Ackley is still young and his career could go either way. The question is which Ackley is going to show up. Is it going to be the Ackley that justifies his past status as a top 15 prospect, his respectable showing in his first year in the bigs or are we going to see more of the Ackley that struggled bad enough that he got sent down to the minor leagues for awhile last year.

If Spring Training even remotely resembles a preview of what to come when the games start to count, he could be sneaky good sleeper pick. In 30 spring training plate appearances (small sample size alert) Ackley is absolutely crushing the ball to the tune of an 1.321 OPS.
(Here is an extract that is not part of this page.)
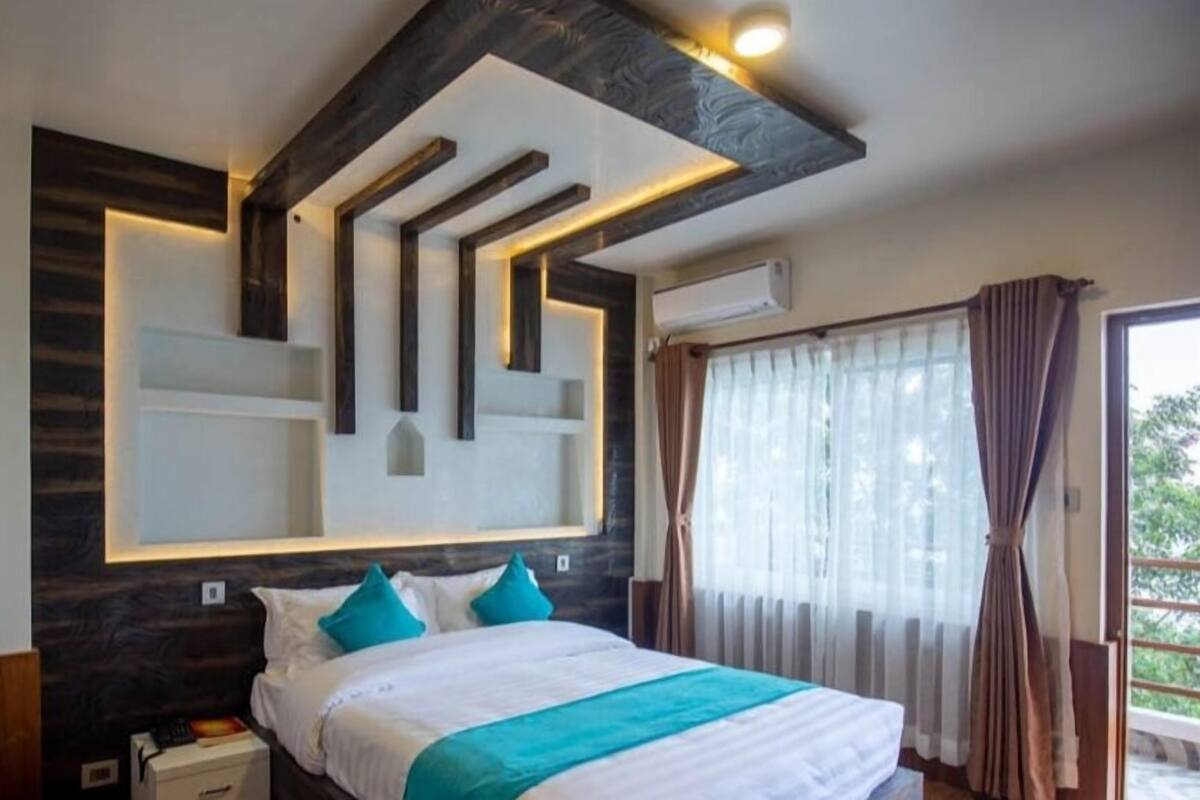 A modern hotel room with a large bed, a built-in headboard, and a view of the outdoors.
His most similar player through age 25 is Reno Bertoia. In his age 26 season he was pretty brutal .226/.302/.267 52 OPS+. Even in a worse case scenario, I think Ackley would put up much better numbers than that. Best case scenario would be a return to 2011 form and numbers around .275/.350 average/obp and 15-20 homers.

Junior Lake (10%)

Lake got his first taste of major league experience last year and put in respectable numbers in 64 games .284/.332/.428 106 OPS+. As it stands right now, he's slated to start in left field.

He'll ge the plate appearances but  the question remains of whether value will be produced from them. He's been an okay hitter in the minors but only has a .732 OPS in the minors and a .803 in 40 AAA games last year which sounds okay but was done in the offense friendly pacific coast league. A repeat of his numbers from last year is likely the best case scenario.

Josh Willingham (10%)

I thought Willingham would be a good bet in fantasy in 2013 as he showed that he could be productive while playing at target field. I was totally wrong. Along with only playing 111 games, he also had his first below average OPS+ since 2004 (when he only had 29 plate appearances).
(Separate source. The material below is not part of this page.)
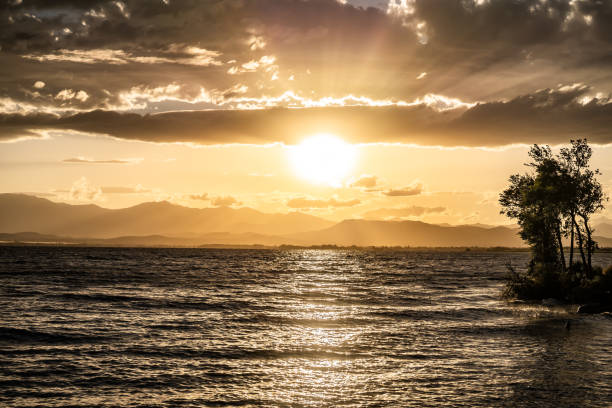 Bright Sunset Over Water Horizon Mountains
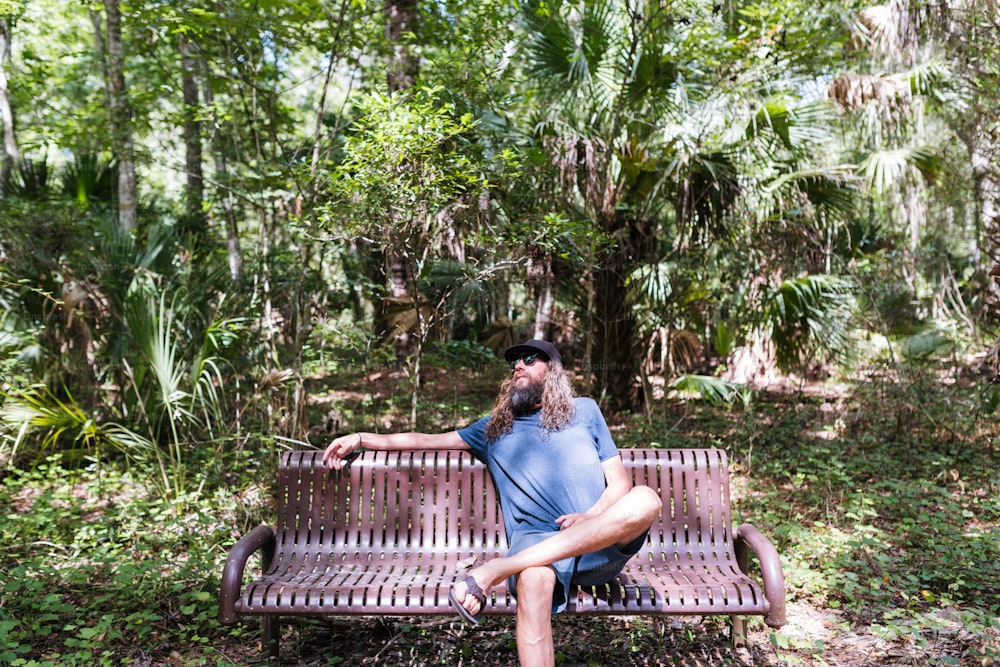 a man sitting on a bench in the woods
If your in a league that counts OBP instead of average he'd have slightly more value. Despite a near mendoza line average (.208) he still but up a .342 OBP. Even though there is the hope that he can return to his older form, he already is 35 so last year may have been the beginning of the end and he's off to a very cold start in spring.

His most similar player through age 34 is Jason Werth. That season happened to be last year. Unlike Willingham, Werth had one of his best seasons last year and gets the benefit of playing on a team with a chance to win something instead of Willingham who's on a Twins team that will be lucky if they lose less than 90 games.